Drop the pictures and repeat the remaining data exactly.

** The data follows **

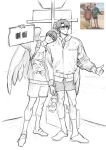  2boys :t commentary curtained_hair dalchi09 english_commentary feathered_wings full_body glasses halo hand_on_another's_shoulder highres horns jacket kim_dokja male_focus multiple_boys official_alternate_costume omniscient_reader's_viewpoint outdoors photo-referenced photo_inset road sandals shorts sign standing suitcase thumbs_up uriel_(omniscient_reader's_viewpoint) white_wings wings yoo_joonghyuk 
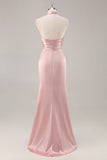 Blush Sheath Halter Satin Pleated Open Back Long Bridesmaid Dress with Slit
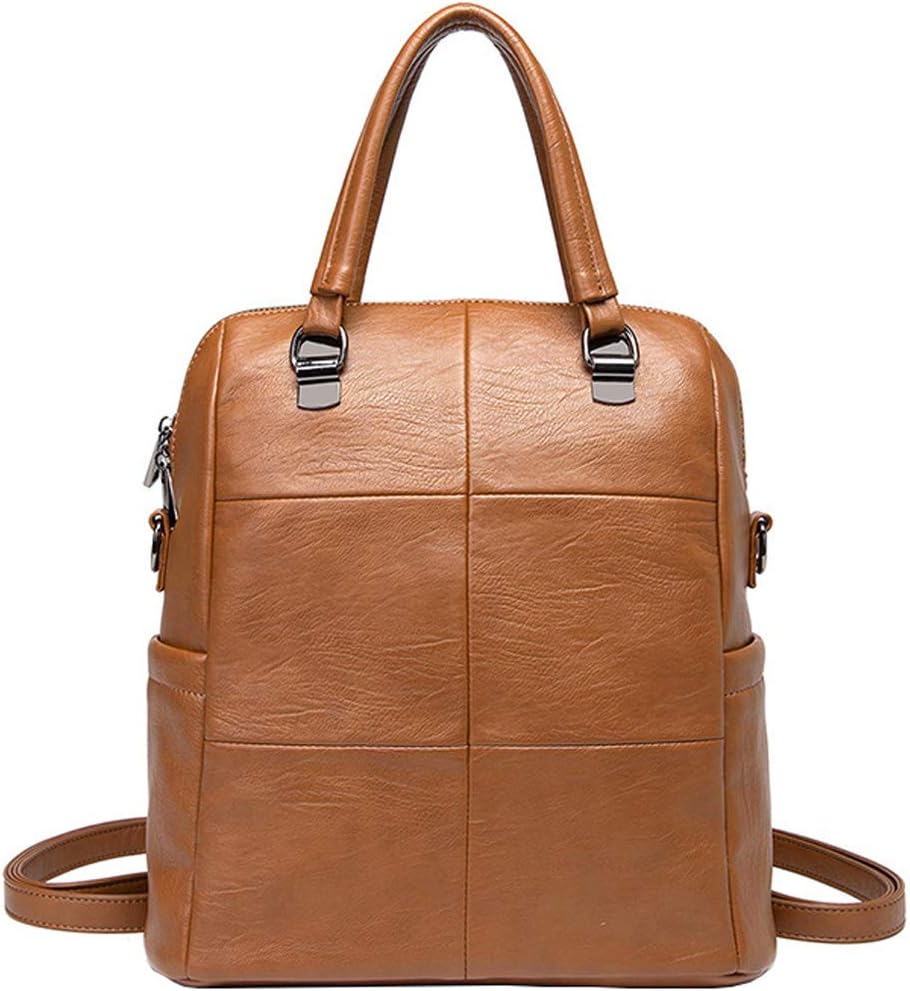 Tisdaini® Women's Backpack Fashion PU leather splice antitheft travel teen Bags Brown B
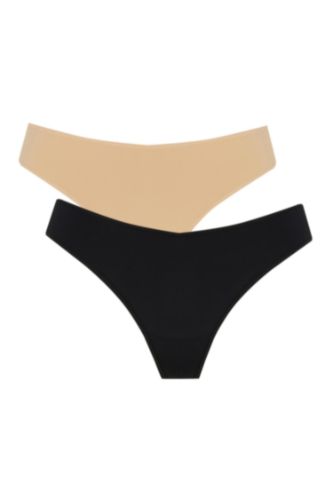 FEMME Noir 2 Pièces String Slip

** End of The data **

**Reply to the task:**
  2boys :t commentary curtained_hair dalchi09 english_commentary feathered_wings full_body glasses halo hand_on_another's_shoulder highres horns jacket kim_dokja male_focus multiple_boys official_alternate_costume omniscient_reader's_viewpoint outdoors photo-referenced photo_inset road sandals shorts sign standing suitcase thumbs_up uriel_(omniscient_reader's_viewpoint) white_wings wings yoo_joonghyuk 
 Blush Sheath Halter Satin Pleated Open Back Long Bridesmaid Dress with Slit
 Tisdaini® Women's Backpack Fashion PU leather splice antitheft travel teen Bags Brown B
 FEMME Noir 2 Pièces String Slip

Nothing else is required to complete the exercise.